Samochód ten jest zbudowanym na bazie modelu Clio, czterodrzwiowym sedanem. Nadwozie Thalii do końca drzwi tylnych do złudzenia przypomina Clio. Bliższe zapoznanie się z autem ujawnia jednak drobne różnice takie, jak choćby zmienione zderzaki czy wloty powietrza chłodzącego. Podobnie jak w Clio, zastosowano tu bardzo masywne słupki tylne, za którymi wydzielony został pojemny bagażnik. Bagażnik ten jest bardzo wyrazisty i odcina się nieco od lini auta. Patrząc na tył Thalii dostrzec można sporych rozmiarów reflektory o trójkątnym kształcie i silnie ściętą tylną część pokrywy bagażnika z dwoma delikatnymi przetłoczeniami. Pokrywa ta sięga dość nisko, wcinając się lekko w lakierowany zderzak, co korzystnie wpływa na wysokość krawędzi załadunku. Ogólnie dość masywne nadwozie sprawia solidne wrażenie. Pewne zastrzeżenia wzbudzać może niezbyt duża, silnie pochylona szyba tylna, która w połączeniu z szerokimi słupkami ogranicza nieco widoczność. Znacznie lepsza jest widoczność z przodu i po bokach.
W bogatszej wersji RT reflektory przednie wyposażane są w podwójny układ optyczny. Dzięki temu przy włączonych światłach drogowych działają również światła mijania, zapewniając lepsze oświetlenie drogi.


Renault ThaliaOsobom znającym model Clio wnętrze Thalii wyda się bardzo znajome, gdyż stworzono je właśnie w oparciu o kabinę najmniejszego Renault.
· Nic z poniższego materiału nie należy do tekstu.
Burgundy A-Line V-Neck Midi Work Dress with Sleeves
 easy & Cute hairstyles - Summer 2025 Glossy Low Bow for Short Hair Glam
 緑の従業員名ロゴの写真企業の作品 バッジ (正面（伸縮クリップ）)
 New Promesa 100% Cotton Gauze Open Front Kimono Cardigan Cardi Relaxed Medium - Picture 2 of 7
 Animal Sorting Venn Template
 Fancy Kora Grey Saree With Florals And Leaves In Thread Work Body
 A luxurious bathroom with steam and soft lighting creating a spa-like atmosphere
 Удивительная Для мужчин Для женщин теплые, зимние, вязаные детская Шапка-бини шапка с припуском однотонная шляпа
Deska rozdzielcza wykonana została w typowy dla tego francuskiego producenta sposób. Ogólnie jest ona estetyczna i funkcjonalna, niektórym jednak do gustu nie przypadną nieco przeładowane dźwigienki przy kierownicy. Rozwiązanie to jest jednak stosowane we wszystkich autach Renault. W skromnie wyglądającym kokpicie wygospodarowano miejsce na sporych rozmiarów, zamykany schowek.


Jakość wykończenia wnętrza pozostaje na przyzwoitym poziomie i nie odbiega od konkurencji. Niezły komfort zapewniają fotele. Na przednich siedzeniach jest wystarczająca ilość miejsca, lecz z tyłu jest już gorzej. Pasażerowie o wzroście ok. 180 cm dotykają głowami sufitu a kolanami przednich oparć. Kanapa wyposażona została w trzy zagłówki i bezwładnościowe pasy, jednak podczas dłuższych podróży jazda z tyłu we trójkę okazać się może bardzo męcząca. W razie wypadku zarówno pasażer jak i kierowca chronieni są przez poduszki powietrzne i pasy z pirotechnicznymi napinaczami.


Jedną z najbardziej podkreślanych zalet Thalii jest jej pojemny, 510-litrowy bagażnik. W razie konieczności przewiezienia większego ładunku można dodatkowo złożyć tylne siedzenie (dzielone w stosunku 1/1). Jedynym chyba mankamentem bagażnika jest stosunkowo niewielki otwór, jednak nie jest to przypadłość znana tylko z Renault.


Jako źródło napędu zastosowano dwa silniki benzynowe o pojemności 1400 cm3. Słabszy uzyskuje moc 75 KM przy 5500 obr/min i moment 114 Nm przy 4250. Potrafi on rozpędzić Thalię do 170 km/h i zapewnić jej przyspieszenie od zera do setki w czasie 12,1 sekundy.


W drugiej jednostce zastosowano po cztery zawory na każdy cylinder, dzięki czemu moc wzrosła do 98 koni. Jest ona dostępna przy 6000 obrotów, natomiast przy 3750 obr/min uzyskiwany jest moment maksymalny o wartości 127 Nm. Silniejsza odmiana Renault rozpędza się do 100 km/h po 10,5 sekundy od startu a przyspieszać przestaje dopiero po osiągnięciu 186 km/h. Średnie zużycie benzyny bezołowiowej w obu przypadkach mieści się na poziomie 7 litrów na 100 kilometrów. Producent przewidział 3-letnią gwarancję na lakier auta i 12-letnią na perforację.